Task directions =>
Your task is to copy all of the data exactly.

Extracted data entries
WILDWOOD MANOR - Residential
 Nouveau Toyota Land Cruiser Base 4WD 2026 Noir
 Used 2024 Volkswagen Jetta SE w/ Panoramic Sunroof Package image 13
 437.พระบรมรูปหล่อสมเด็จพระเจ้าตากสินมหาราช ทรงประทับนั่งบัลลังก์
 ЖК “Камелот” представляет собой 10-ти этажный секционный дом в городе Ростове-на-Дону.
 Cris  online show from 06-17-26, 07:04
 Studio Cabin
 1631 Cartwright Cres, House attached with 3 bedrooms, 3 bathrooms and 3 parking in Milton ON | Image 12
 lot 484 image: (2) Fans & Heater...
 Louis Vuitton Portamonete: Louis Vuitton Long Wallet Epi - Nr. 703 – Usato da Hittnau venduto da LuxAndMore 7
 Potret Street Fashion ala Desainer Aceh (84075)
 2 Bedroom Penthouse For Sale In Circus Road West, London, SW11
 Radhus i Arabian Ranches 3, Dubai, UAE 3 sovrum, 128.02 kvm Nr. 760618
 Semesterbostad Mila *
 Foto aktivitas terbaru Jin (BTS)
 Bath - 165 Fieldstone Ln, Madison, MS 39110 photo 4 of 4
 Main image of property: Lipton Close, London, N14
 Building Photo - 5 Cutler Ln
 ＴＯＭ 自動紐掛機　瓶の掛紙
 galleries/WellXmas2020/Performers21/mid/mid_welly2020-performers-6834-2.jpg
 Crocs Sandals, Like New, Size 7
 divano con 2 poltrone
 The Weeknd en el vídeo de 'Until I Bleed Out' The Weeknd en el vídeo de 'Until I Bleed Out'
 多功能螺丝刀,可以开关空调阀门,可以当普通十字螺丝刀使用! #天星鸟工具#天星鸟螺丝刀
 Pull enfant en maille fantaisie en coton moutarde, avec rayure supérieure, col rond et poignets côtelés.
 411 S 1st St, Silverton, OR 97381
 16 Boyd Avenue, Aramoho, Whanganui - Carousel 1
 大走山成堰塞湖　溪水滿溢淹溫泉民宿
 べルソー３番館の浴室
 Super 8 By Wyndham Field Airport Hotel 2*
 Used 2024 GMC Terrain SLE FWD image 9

Answer box =>
WILDWOOD MANOR - Residential
 Nouveau Toyota Land Cruiser Base 4WD 2026 Noir
 Used 2024 Volkswagen Jetta SE w/ Panoramic Sunroof Package image 13
 437.พระบรมรูปหล่อสมเด็จพระเจ้าตากสินมหาราช ทรงประทับนั่งบัลลังก์
 ЖК “Камелот” представляет собой 10-ти этажный секционный дом в городе Ростове-на-Дону.
 Cris  online show from 06-17-26, 07:04
 Studio Cabin
 1631 Cartwright Cres, House attached with 3 bedrooms, 3 bathrooms and 3 parking in Milton ON | Image 12
 lot 484 image: (2) Fans & Heater...
 Louis Vuitton Portamonete: Louis Vuitton Long Wallet Epi - Nr. 703 – Usato da Hittnau venduto da LuxAndMore 7
 Potret Street Fashion ala Desainer Aceh (84075)
 2 Bedroom Penthouse For Sale In Circus Road West, London, SW11
 Radhus i Arabian Ranches 3, Dubai, UAE 3 sovrum, 128.02 kvm Nr. 760618
 Semesterbostad Mila *
 Foto aktivitas terbaru Jin (BTS)
 Bath - 165 Fieldstone Ln, Madison, MS 39110 photo 4 of 4
 Main image of property: Lipton Close, London, N14
 Building Photo - 5 Cutler Ln
 ＴＯＭ 自動紐掛機　瓶の掛紙
 galleries/WellXmas2020/Performers21/mid/mid_welly2020-performers-6834-2.jpg
 Crocs Sandals, Like New, Size 7
 divano con 2 poltrone
 The Weeknd en el vídeo de 'Until I Bleed Out' The Weeknd en el vídeo de 'Until I Bleed Out'
 多功能螺丝刀,可以开关空调阀门,可以当普通十字螺丝刀使用! #天星鸟工具#天星鸟螺丝刀
 Pull enfant en maille fantaisie en coton moutarde, avec rayure supérieure, col rond et poignets côtelés.
 411 S 1st St, Silverton, OR 97381
 16 Boyd Avenue, Aramoho, Whanganui - Carousel 1
 大走山成堰塞湖　溪水滿溢淹溫泉民宿
 べルソー３番館の浴室
 Super 8 By Wyndham Field Airport Hotel 2*
 Used 2024 GMC Terrain SLE FWD image 9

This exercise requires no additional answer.